Bu teklifin gerçekliği; sansürün artmasında, sosyal medyanın hedef alınmasında ve fişlemenin hızlandırılmasında yatıyor. Teklifte yer alan “ulusal sınırların tanınmaması, milli güvenlik” gibi soğuk savaş söylemleri ve 90’lı yıllara ait ifadeler, güvenlik devletinin amentüsüdür. İktidarın gittikçe otoriterleşen, her hareketi ve her yurttaşı kendisi için tehdit algısı olarak kabul eden, güvenlik söylemi adı altında potansiyel suçlu, şüpheli çemberine Türkiye’de yaşayan herkesi, doğayı, canlıları katan anlayışının sosyal medya ayağıdır bu. Bu anlayış kendisini Alman modeli olarak propaganda etse de Türkiye bu düzenleme ile açık bir şekilde Çin modeline geçecektir. 
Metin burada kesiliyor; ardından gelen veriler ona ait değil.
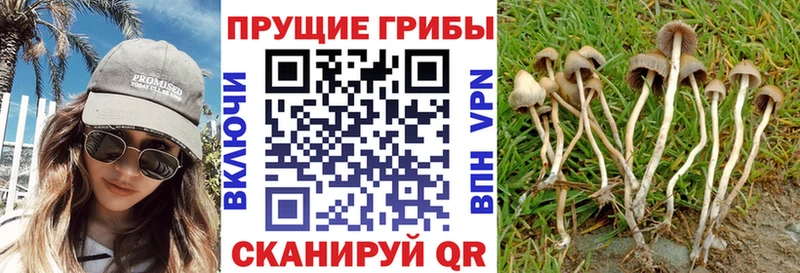 Галлюциногенные грибы мицелий  Красноуральск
AKP özgür düşünceye, haber hakkına, hakikate düşman olduğunu gösterdi 

Tam da 24 Temmuz’un arifesinde AKP'nin MHP ortaklığı ile getirdiği bu sansür düzenlemesi iktidarın gerçek yüzünü göstermektedir. Bu iktidar özgür düşünceye, haberleşme hakkına, en nihayetinde hakikate düşman olduğunu bir kez daha gösterdi. 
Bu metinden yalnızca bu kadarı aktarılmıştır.